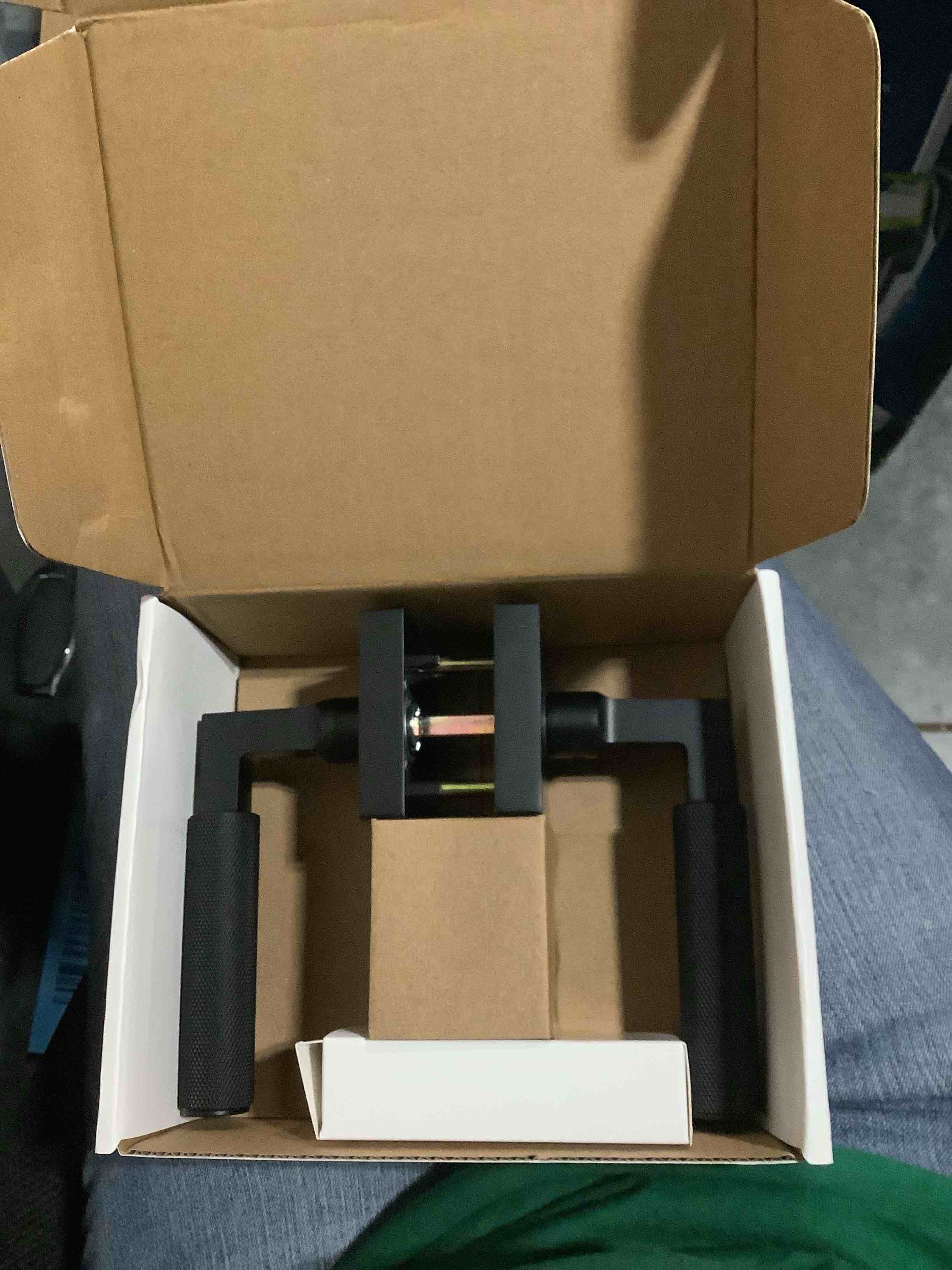 Condition photo showing New/Like New for Asidrama 8 Pack Black Passage Door Handles, Door Lever with Door Knobs Indoor for Bedroom or Bathroom, Heavy Duty Door Handles Interior with Locks for Left Right Sided Doors 098 8 Pack Passage Matte Black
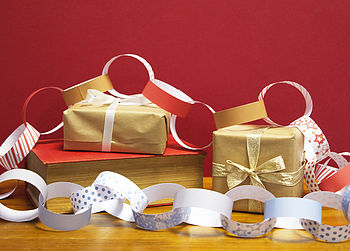 Red Christmas Paper Chain Kit, 2 of 4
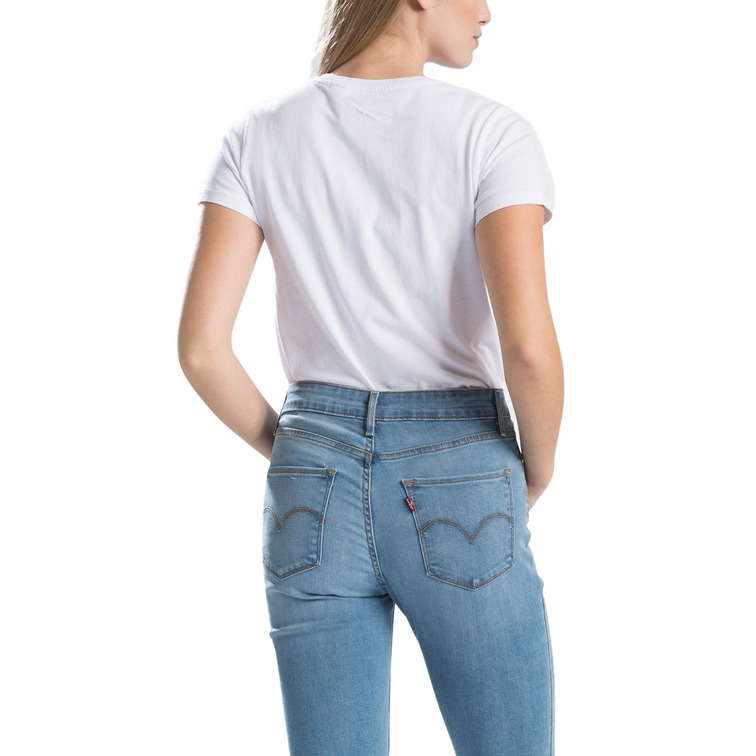 la chemise femme  levis 100% cotton perfect tee white cn100xx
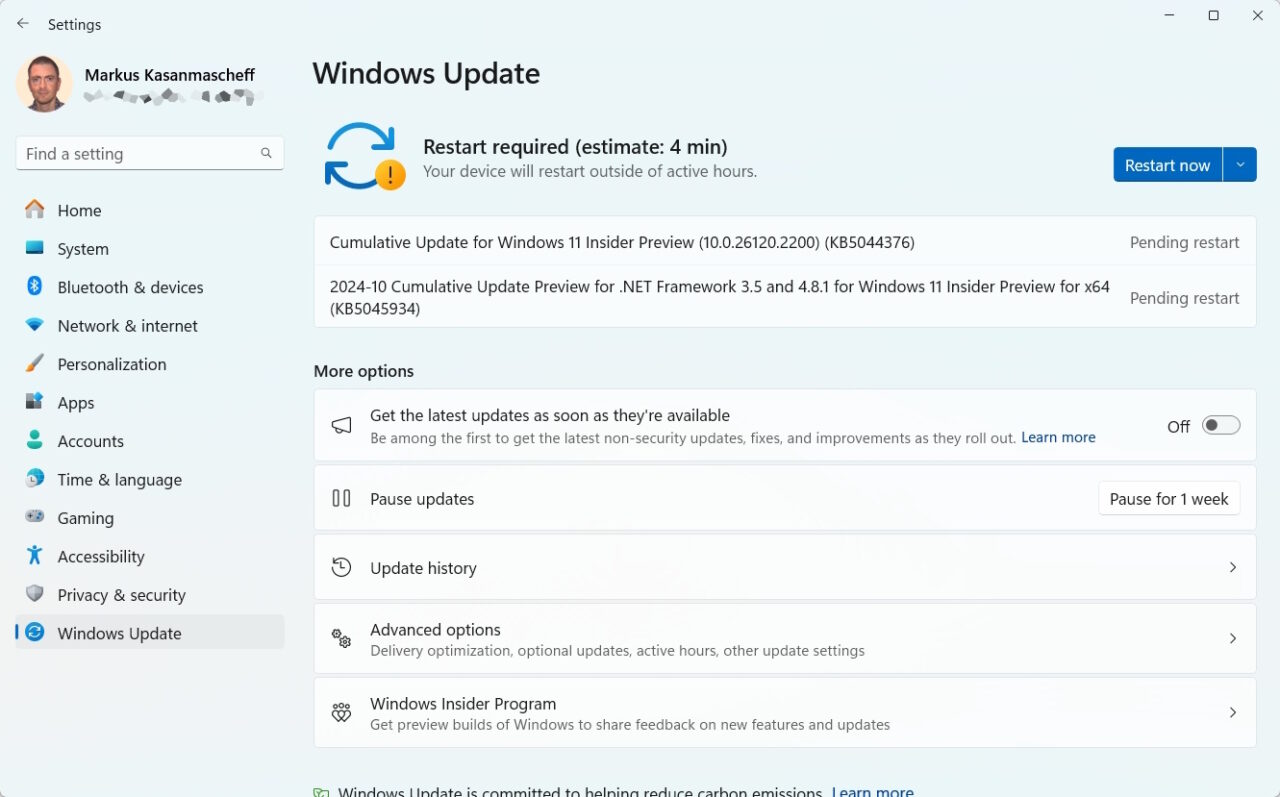MicrosoftはWindows 11 EnterpriseのデフォルトをHotPatchingにし、再起動を削減します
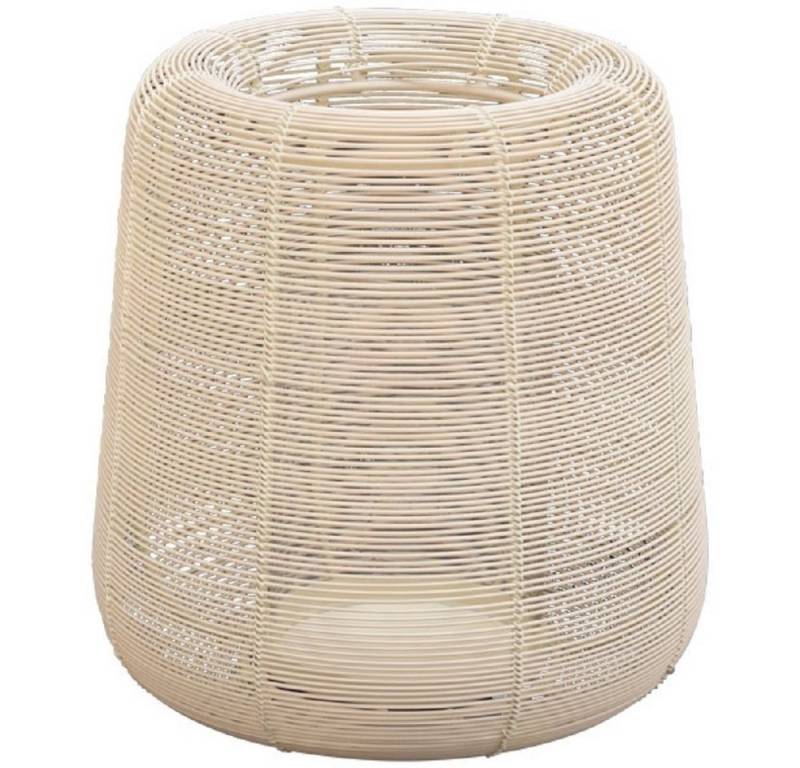 Exner GmbH Garten- & Wohnaccessoires Windlicht Exner WindLicht Dazz, creme, Metall/Glas, 22,5x22,5x24 cm, 247293 (1 St) von Exner GmbH Garten- & Wohnaccessoires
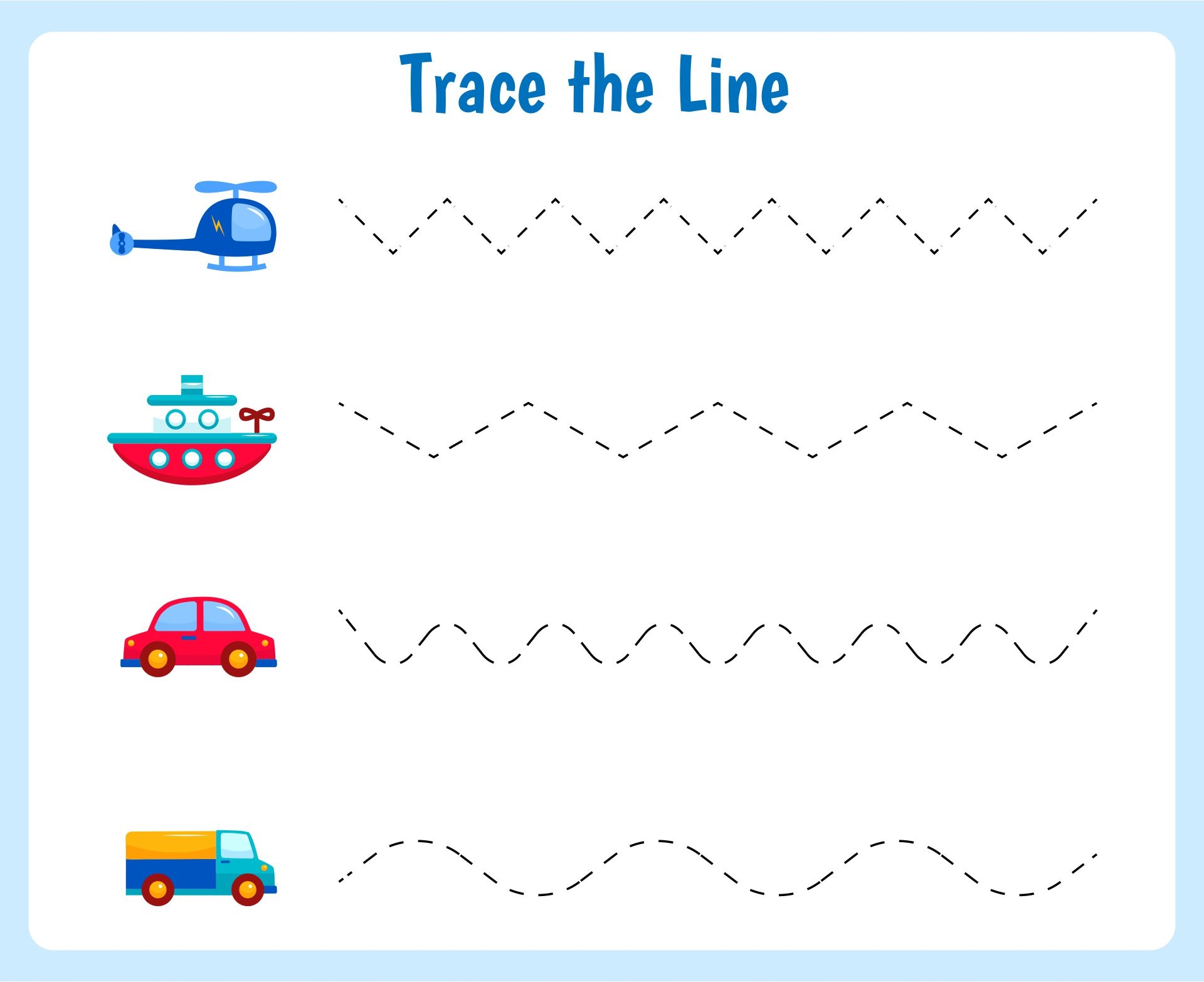 Tracing Lines Worksheets The Teaching Aunt Worksheets Library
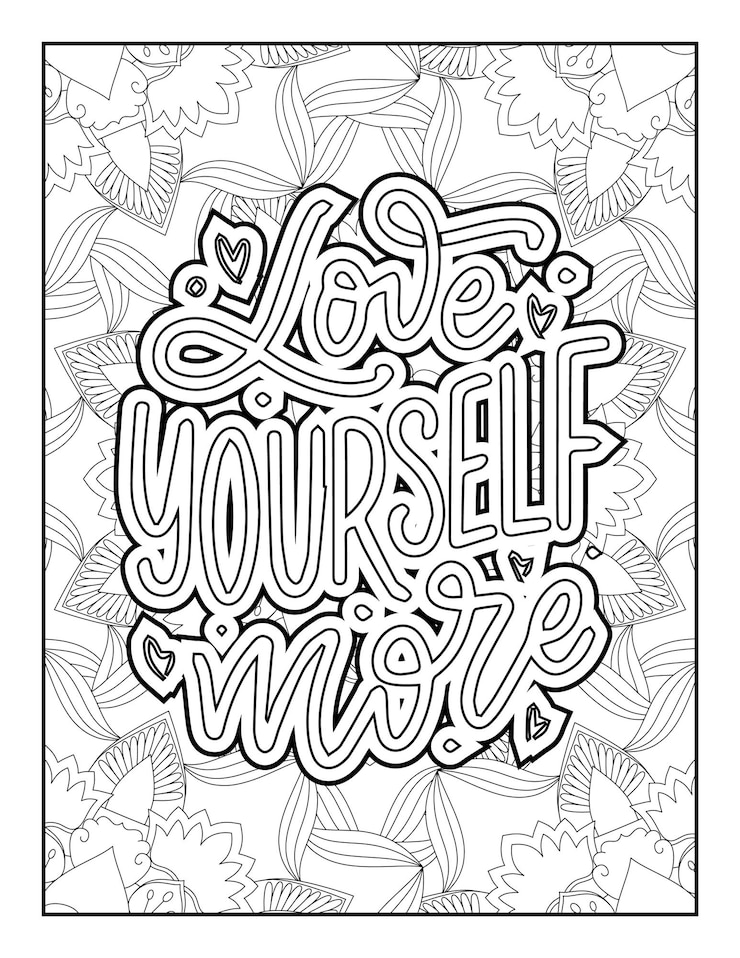 Quotes Coloring Pages Quotes 긍정적인 인용구 색칠하기 영감을 주는 인용구 타이포그래피 인용구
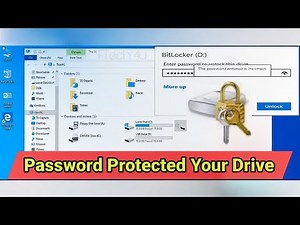 How to Set Up BitLocker Drive Encryption in Windows 10/11 2025 | Lock Drive with Password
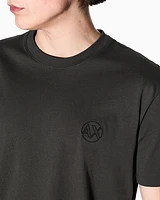 Armani Exchange - Regular fit T-shirt with logo and patch on the chest, Man, Green, Size:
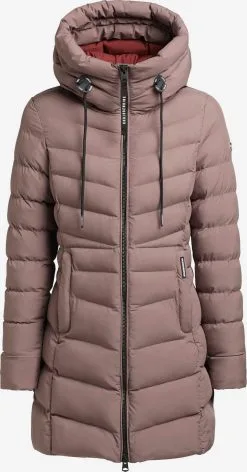 Khujo Korte Mantels Wintermantel Tuhani Dames Donkerlila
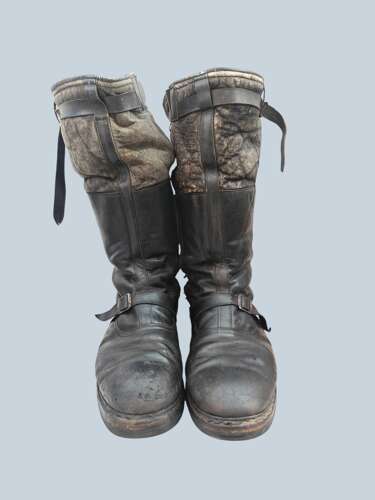 WW2 Luftwaffe Pilot/Aircrew single zip flying boots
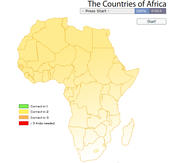 Länder in Afrika
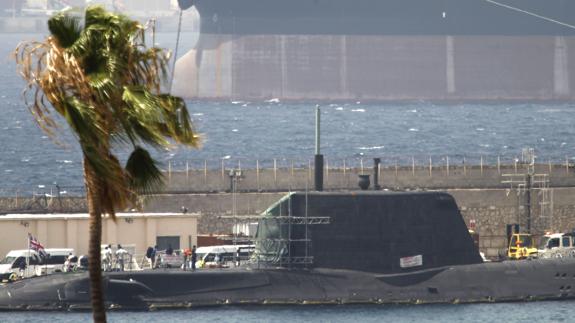 El submarino nuclear británico zarpa de Gibraltar hacia Reino Unido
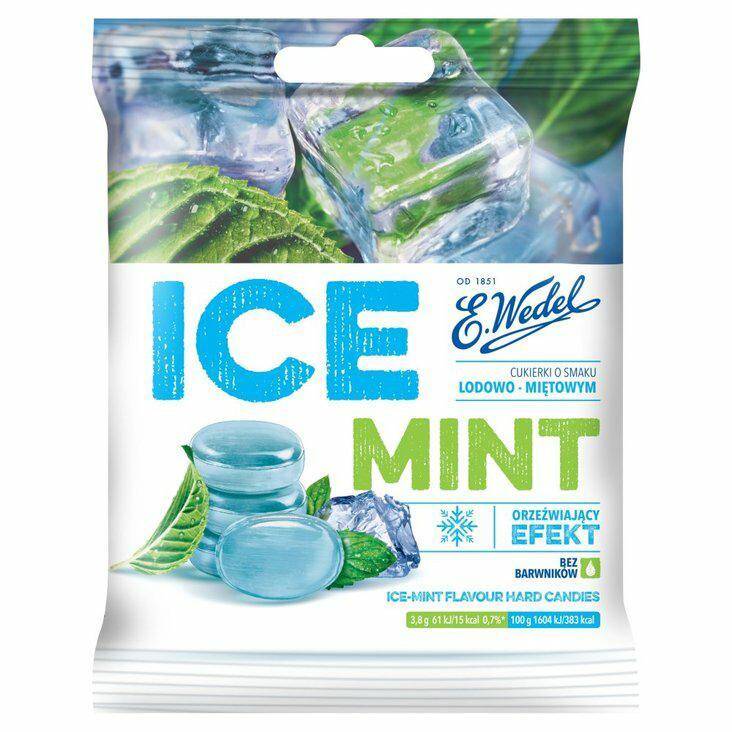 CUKIERKI WEDEL 90G ICE MINT 7157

EXERCISE DETAILS
Write out again only the lines from the line that contains "Armani Exchange - Regular" through the last line of the records, both ends included, without any of the pictures.

EXERCISE SOLUTION
 Armani Exchange - Regular fit T-shirt with logo and patch on the chest, Man, Green, Size:
 Khujo Korte Mantels Wintermantel Tuhani Dames Donkerlila
 WW2 Luftwaffe Pilot/Aircrew single zip flying boots
 Länder in Afrika
 El submarino nuclear británico zarpa de Gibraltar hacia Reino Unido
 CUKIERKI WEDEL 90G ICE MINT 7157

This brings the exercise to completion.